Come, Thou Long-Expected Jesus: Experiencing the Peace and Promise of Jesus, edited by Nancy Guthrie. Includes 22 readings for Advent, drawing from the works and sermons of classic theologians such as Whitefield, Luther, Spurgeon and Augustine, and contemporary communicators such as John Piper, John MacArthur, Francis Schaeffer, R.C. Sproul and others.

Meet the Puritans: With a Guide to Modern Reprints, by Joel R. Beeke and Randall J. Pederson. A comprehensive overview of the entire Puritan movement and guide to the great Puritan authors, with summaries of 150 biographies and 700 books.

The Future of Atheism: Alister McGrath and Daniel Dennett in Dialogue, edited by Robert B. Stewart. A dialogue between American philosopher and atheist Dennett and British evangelical theologian McGrath, with contributions from other philosophers and theologians. The articles discuss the present status of atheism, and which worldview is preferable.

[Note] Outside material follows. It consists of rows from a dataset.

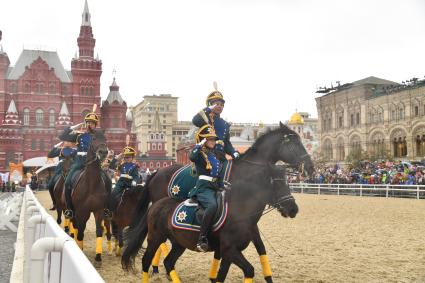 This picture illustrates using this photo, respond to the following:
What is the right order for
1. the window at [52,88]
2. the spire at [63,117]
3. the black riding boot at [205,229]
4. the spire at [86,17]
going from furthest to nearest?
the spire at [86,17], the window at [52,88], the spire at [63,117], the black riding boot at [205,229]

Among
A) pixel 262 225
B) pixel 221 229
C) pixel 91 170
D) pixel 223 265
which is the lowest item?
pixel 262 225

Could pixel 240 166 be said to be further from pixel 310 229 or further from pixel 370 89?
pixel 370 89

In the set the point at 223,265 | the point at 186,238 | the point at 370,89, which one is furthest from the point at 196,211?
the point at 370,89

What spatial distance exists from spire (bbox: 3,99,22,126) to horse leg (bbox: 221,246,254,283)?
75.3m

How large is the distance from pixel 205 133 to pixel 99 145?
3.59 metres

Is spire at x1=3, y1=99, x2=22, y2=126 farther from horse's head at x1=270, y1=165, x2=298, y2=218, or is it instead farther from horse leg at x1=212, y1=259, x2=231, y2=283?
horse leg at x1=212, y1=259, x2=231, y2=283

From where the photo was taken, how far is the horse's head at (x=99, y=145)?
9.55 metres

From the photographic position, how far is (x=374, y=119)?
2677 inches

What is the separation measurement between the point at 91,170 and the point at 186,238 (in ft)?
13.5

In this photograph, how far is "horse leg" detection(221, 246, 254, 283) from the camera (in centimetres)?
609

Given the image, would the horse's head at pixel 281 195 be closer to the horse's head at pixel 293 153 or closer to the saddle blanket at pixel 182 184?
the horse's head at pixel 293 153

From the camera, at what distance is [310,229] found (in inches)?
561

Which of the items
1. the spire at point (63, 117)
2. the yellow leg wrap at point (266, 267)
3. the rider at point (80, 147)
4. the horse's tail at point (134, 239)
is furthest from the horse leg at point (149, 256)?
the spire at point (63, 117)

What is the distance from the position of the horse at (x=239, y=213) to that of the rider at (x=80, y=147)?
314 cm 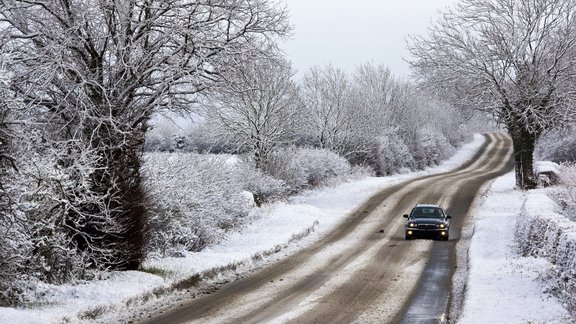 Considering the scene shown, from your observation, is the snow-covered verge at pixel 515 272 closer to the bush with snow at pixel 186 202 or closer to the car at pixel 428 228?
the car at pixel 428 228

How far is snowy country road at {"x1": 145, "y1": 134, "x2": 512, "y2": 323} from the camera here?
12.3 meters

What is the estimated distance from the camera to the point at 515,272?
15.8 metres

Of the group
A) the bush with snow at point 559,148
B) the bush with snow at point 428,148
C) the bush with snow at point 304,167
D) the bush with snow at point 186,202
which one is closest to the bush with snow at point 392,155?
the bush with snow at point 428,148

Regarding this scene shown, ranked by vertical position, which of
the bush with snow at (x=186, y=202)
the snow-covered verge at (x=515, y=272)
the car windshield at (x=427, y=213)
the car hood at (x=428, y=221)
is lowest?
the snow-covered verge at (x=515, y=272)

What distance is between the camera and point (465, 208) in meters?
34.9

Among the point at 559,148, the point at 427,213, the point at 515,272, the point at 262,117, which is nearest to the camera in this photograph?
the point at 515,272

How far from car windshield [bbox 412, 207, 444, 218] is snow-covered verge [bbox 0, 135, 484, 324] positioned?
14.2 feet

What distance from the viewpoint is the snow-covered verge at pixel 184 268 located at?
11633 mm

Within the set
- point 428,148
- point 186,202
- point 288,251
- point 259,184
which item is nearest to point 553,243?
point 288,251

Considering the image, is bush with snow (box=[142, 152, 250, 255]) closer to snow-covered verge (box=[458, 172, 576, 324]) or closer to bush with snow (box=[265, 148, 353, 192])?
snow-covered verge (box=[458, 172, 576, 324])

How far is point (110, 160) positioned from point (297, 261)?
7.80m

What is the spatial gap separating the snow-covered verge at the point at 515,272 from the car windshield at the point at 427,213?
1796 mm

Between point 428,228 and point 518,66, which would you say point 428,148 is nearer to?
point 518,66

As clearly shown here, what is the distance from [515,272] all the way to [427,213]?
10.8 m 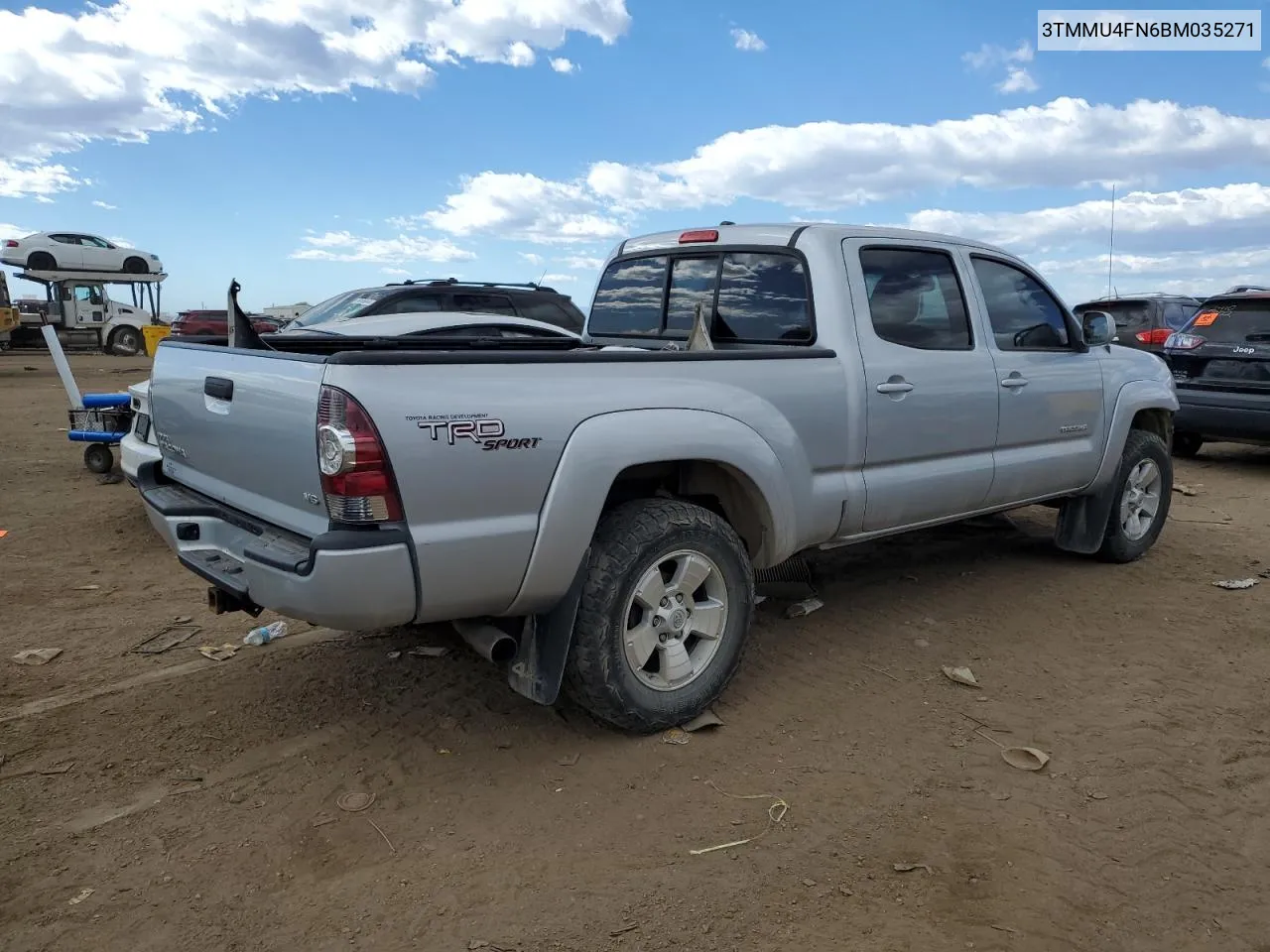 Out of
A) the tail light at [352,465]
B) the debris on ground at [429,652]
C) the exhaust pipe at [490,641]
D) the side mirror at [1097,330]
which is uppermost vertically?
the side mirror at [1097,330]

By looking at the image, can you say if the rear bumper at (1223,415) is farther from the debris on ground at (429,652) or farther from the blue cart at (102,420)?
the blue cart at (102,420)

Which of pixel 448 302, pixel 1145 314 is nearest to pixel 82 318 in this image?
pixel 448 302

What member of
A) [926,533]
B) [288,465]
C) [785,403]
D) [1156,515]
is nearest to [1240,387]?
[1156,515]

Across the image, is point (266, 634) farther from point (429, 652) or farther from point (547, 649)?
point (547, 649)

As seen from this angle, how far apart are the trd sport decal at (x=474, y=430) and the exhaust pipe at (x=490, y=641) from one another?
76cm

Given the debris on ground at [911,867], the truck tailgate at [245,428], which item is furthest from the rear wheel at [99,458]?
the debris on ground at [911,867]

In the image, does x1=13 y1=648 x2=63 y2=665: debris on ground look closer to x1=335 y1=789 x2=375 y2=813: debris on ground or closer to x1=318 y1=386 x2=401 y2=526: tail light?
x1=335 y1=789 x2=375 y2=813: debris on ground

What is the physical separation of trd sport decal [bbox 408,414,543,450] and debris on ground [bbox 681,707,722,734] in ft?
4.39

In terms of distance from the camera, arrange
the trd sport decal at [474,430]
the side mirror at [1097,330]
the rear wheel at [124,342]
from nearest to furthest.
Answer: the trd sport decal at [474,430]
the side mirror at [1097,330]
the rear wheel at [124,342]

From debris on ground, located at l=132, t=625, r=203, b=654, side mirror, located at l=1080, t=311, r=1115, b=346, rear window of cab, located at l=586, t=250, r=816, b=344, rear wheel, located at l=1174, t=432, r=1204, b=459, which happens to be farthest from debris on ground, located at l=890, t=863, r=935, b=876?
rear wheel, located at l=1174, t=432, r=1204, b=459

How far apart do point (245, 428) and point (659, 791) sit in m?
1.84

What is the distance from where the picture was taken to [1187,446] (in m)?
10.7

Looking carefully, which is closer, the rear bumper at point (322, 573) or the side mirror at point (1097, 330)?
the rear bumper at point (322, 573)

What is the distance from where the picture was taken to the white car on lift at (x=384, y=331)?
5.87m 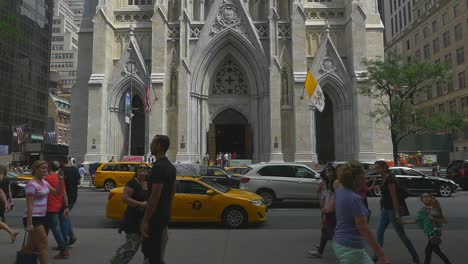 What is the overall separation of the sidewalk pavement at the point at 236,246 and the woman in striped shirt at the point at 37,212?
5.13ft

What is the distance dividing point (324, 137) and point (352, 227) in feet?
100

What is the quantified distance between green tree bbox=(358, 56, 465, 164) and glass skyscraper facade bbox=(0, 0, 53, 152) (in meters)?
47.3

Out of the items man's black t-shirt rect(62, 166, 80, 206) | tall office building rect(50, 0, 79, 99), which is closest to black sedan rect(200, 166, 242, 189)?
man's black t-shirt rect(62, 166, 80, 206)

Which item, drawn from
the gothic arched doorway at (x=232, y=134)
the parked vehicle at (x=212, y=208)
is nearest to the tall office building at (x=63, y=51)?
the gothic arched doorway at (x=232, y=134)

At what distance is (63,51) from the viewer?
104 meters

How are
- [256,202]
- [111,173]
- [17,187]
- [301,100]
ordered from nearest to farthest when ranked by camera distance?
1. [256,202]
2. [17,187]
3. [111,173]
4. [301,100]

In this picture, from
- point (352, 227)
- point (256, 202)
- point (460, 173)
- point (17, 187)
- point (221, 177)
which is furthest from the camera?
point (460, 173)

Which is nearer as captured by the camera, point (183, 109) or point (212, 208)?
point (212, 208)

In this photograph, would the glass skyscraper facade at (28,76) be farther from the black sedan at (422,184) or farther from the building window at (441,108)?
the building window at (441,108)

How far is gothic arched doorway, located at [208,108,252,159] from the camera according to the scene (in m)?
32.8

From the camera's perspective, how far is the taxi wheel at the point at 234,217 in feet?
34.3

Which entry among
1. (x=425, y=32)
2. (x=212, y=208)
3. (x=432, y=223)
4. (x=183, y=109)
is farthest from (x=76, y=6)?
(x=432, y=223)

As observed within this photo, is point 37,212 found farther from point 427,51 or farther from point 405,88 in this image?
point 427,51

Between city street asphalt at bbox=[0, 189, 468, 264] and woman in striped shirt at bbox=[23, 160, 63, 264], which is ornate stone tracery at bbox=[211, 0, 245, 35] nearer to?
city street asphalt at bbox=[0, 189, 468, 264] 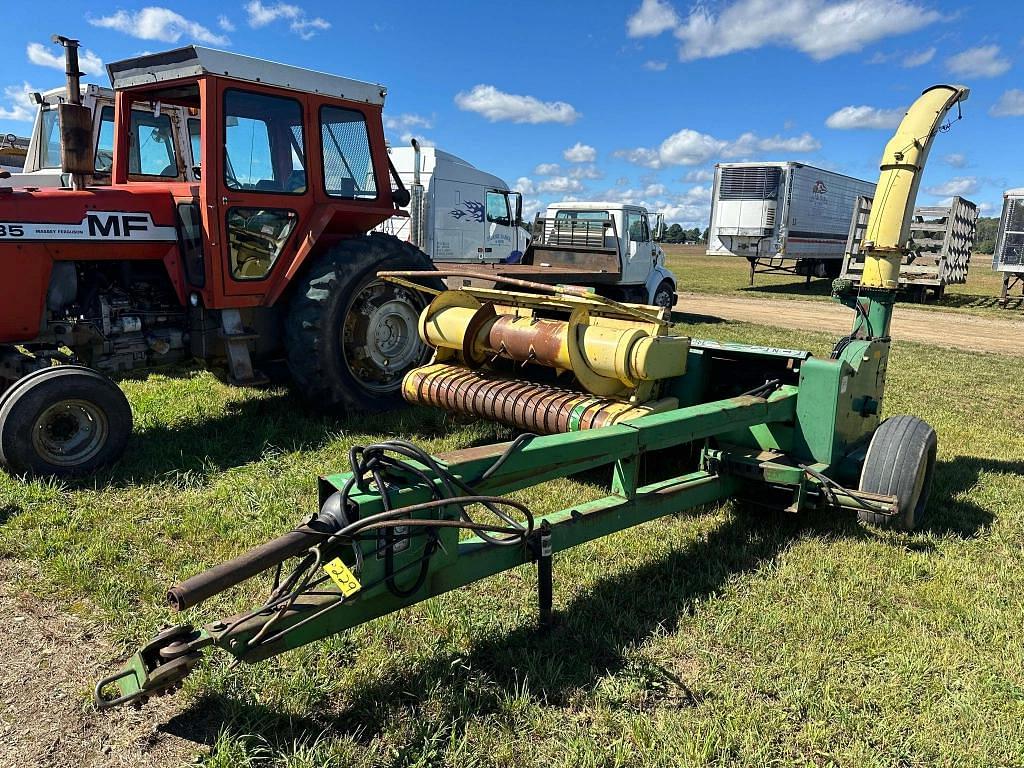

Tell It Slant: A Conversation on the Language of Jesus in his Stories and Prayers, by Eugene H. Peterson. The fourth volume in Peterson’s best-selling spiritual theology series. This volume explores the conversational giftedness of Jesus in his parables and his prayers.

What In the World Is Going On: 10 Prophetic Clues You Cannot Ignore, by Dr. David Jeremiah. Examines the biggest global trends today in the light of Scripture.

New Testament Text and Translation Commentary, by Philip W. Comfort. A commentary on the original Greek text of the New Testament from the standpoint of textual criticism, showing the impact on the various English translations.

COMMENTARIES: Jude and 2 Peter, by Gene L. Green (Baker Exegetical Commentary on the NT); Mark, by Robert H. Stein (Baker Exegetical Commentary on the NT); James, by Craig L. Blomberg and Mariam J. Kamell (Zondervan Exegetical Commentary on the NT); Psalms, Vol 3: Psalms 90-150, by John Goldingay (Baker Commentary on the OT Wisdom and Psalms).

ADULT/FAMILY DVDs: The Chronicles of Narnia: Prince Caspian. Movie version of the C.S. Lewis classic now on DVD; Awake, My Soul: The Story of the Sacred Harp, from Awake Productions. A documentary about Sacred Harp singing, a haunting form of a cappella, shape-note singing with deep roots in the American south.

ADULT FICTION: Sisters of the Quilt #1-3, by Cindy Woodsmall; An Unexpected Love, by Tracie Peterson and Judith Miller (Broadmoor Legacy #2).

YOUTH DVDs: Molly: An American Girl on the Home Front, and Kit Kittredge: An American Girl (American Girl movies).

CHILDRENS BOOKS: Seek and Find Bible Stories, by Jose Perez Montero.

CHILDREN’S AUDIOS: Several new Adventures in Odyssey audios, in both CD and cassette formats.